O primeiro objectivo da educação científica nas escolas deverá ser o de proporcionar à próxima geração de cidadãos que escolha não enveredar por uma educação científica formal os meios para compreender o que é a ciência e como funciona. Cada indivíduo deverá receber as ferramentas para apreciar como a ciência o afecta no mundo real e como poderá formar as suas próprias opiniões em questões relacionadas com ciência e tecnologia. Algumas disciplinas existentes e previstas ajudam a colmatar esta necessidade, como a disciplina de “Ciência para Compreensão Pública” do Reino Unidow1 (para jovens de 16-18 anos e em duas versões de diferente detalhe conferindo diferentes habilitações – ver versão em inglês para mais detalhes), em estudo para introduzir em Setembro de 2008.
Mas como podemos ensinar o modo como a ciência funciona? Pense no que acontece numa experiência na sala de aula para determinar o ponto de ebulição da água.
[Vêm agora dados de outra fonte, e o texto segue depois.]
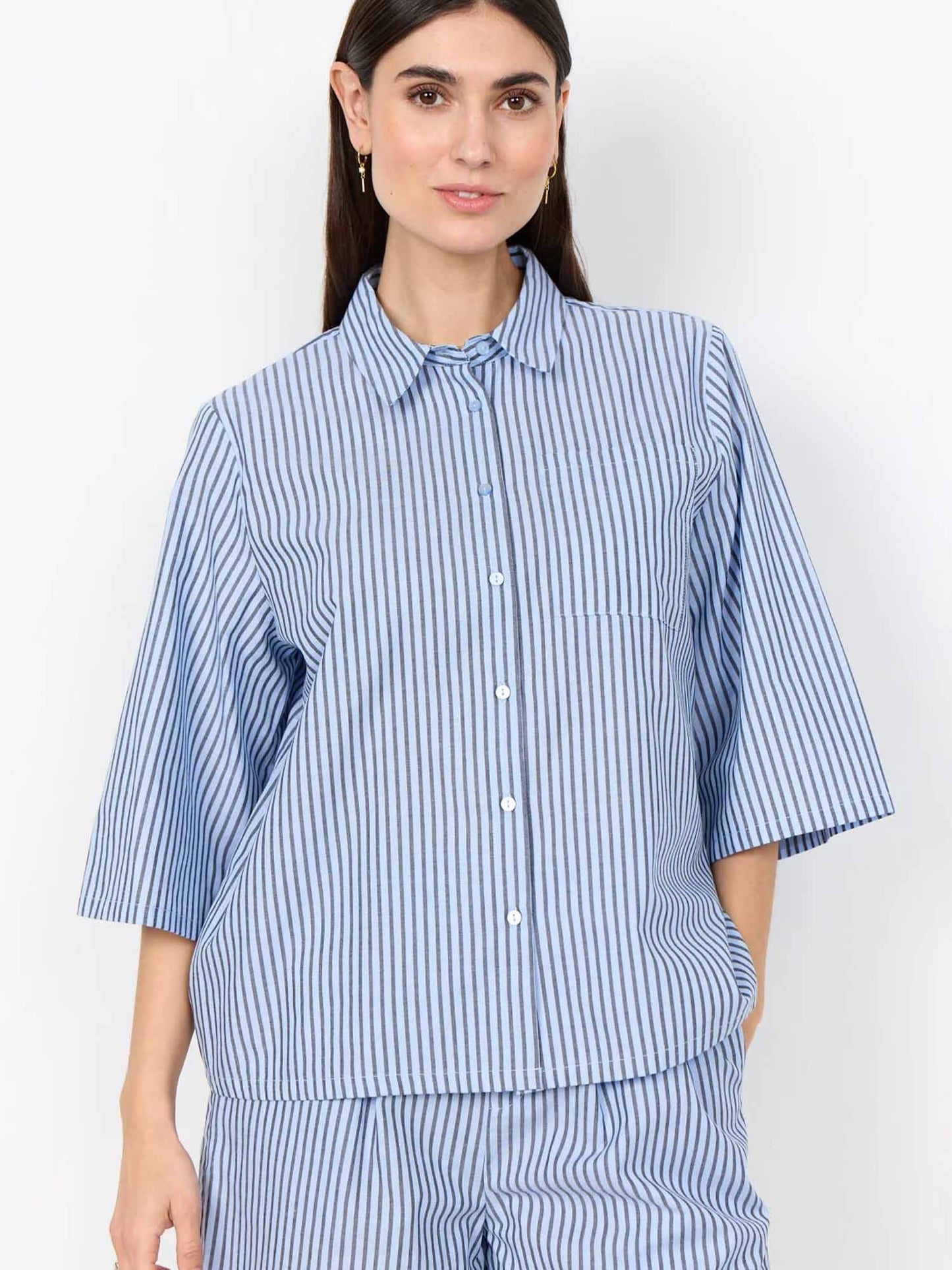 Camicia da donna azzurra Soyaconcept dal design versatile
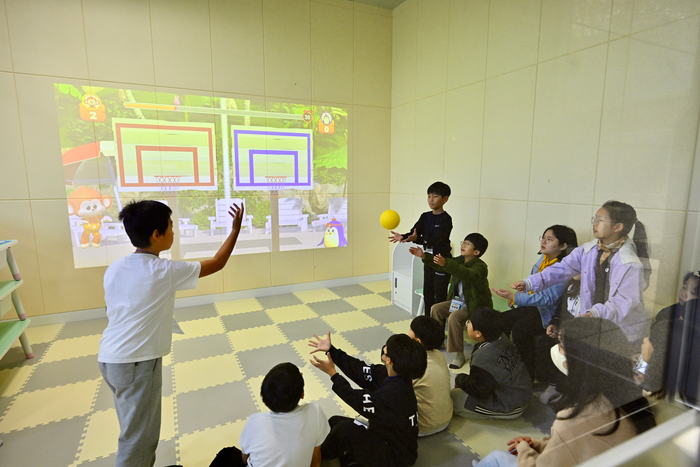 소야초등학교 학생 미디어센터 견학 모습. 사진|속초시청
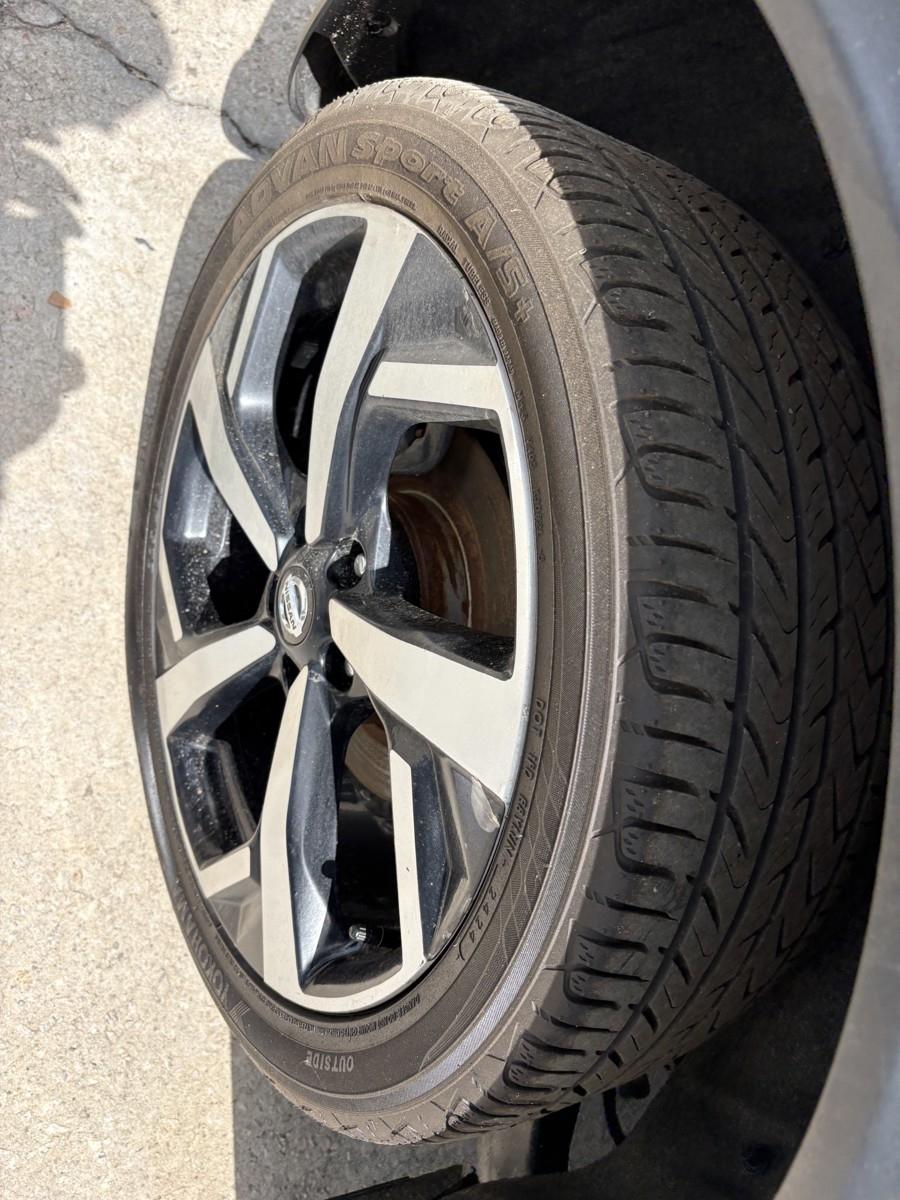 Nissan Rogue Sport SL 4D SUV AWD 2020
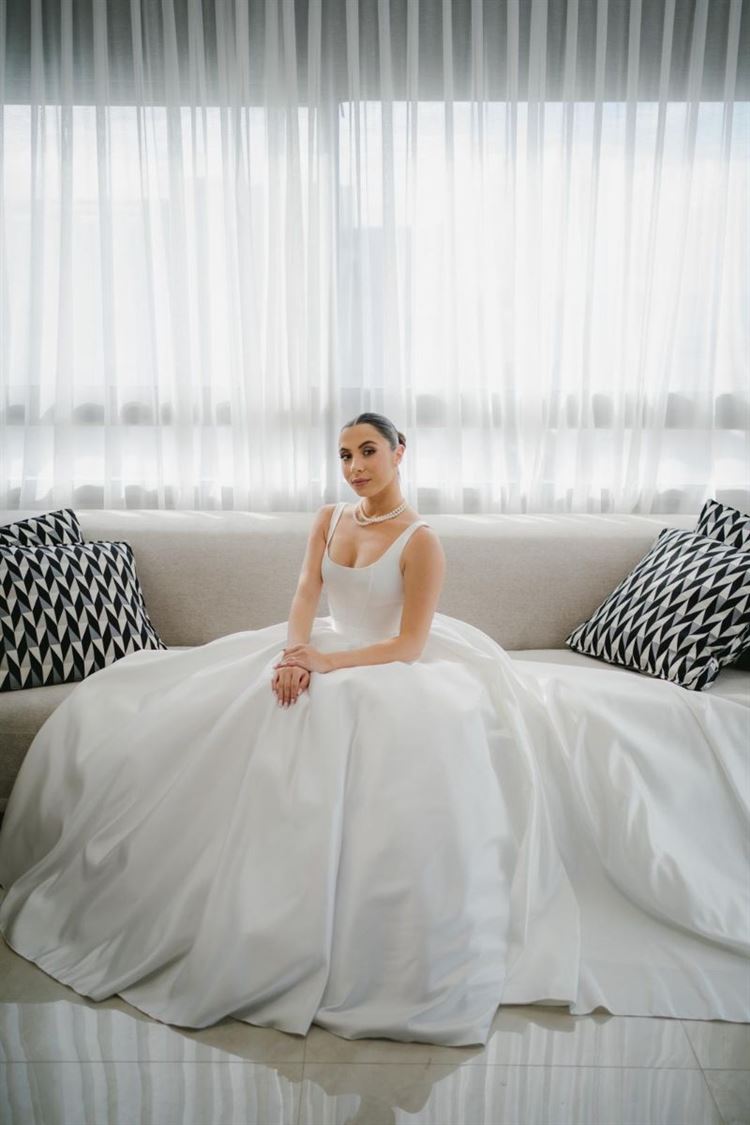 שמלה ראשונה (צילום: יוני משיח)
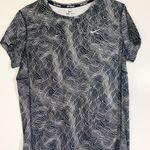 Nike  Running Large L Dri-Fit Short Sleeve Top Activewear T-shirt Photo 1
Uma coisa é certa: praticamente ninguém vai obter 100ºC, a não ser que já saibam a resposta e queiram agradar ao professor. O Skip obterá 102ºC, a Tania 105ºC, o Johnny 99.5ºC, a Mary 100.2ºC, o Zonker vai obter 54ºC, enquanto o Brian não conseguirá obter um resultado; o Smudger vai deixar ferver a água toda e rebentar com o termómetro. Dez minutos antes do fim da experiência, recolhem-se os resultados: o Skip tinha o termómetro numa bolha de vapor super-aquecido quando fez a leitura; a Tania tinha impurezas na água; o Johnny não deixou que toda a água começasse a ferver; o resultado de Mary demonstrou o efeito do ligeiro aumento na pressão atmosférica acima do nível do mar; e o Zonker, o Brian e o Smudger ainda não alcançaram o estatuto de cientistas totalmente competentes. No final da aula, cada criança estará convencida de que a sua experiência provou que a água ferve a precisamente 100ºC, ou tê-lo-ia provado não fossem algumas dificuldades locais que não afectam o mundo da ciência e tecnologia dos adultos, com os seus profissionais bem treinados e aparelhos aperfeiçoados. E no entanto aqueles dez minutos de renegociação do que realmente aconteceu são a parte importante; reflectindo àcerca desses dez minutos a turma poderia aprender a maior parte do que há para saber sobre como a ciência funciona (Collins & Pinch, 1993).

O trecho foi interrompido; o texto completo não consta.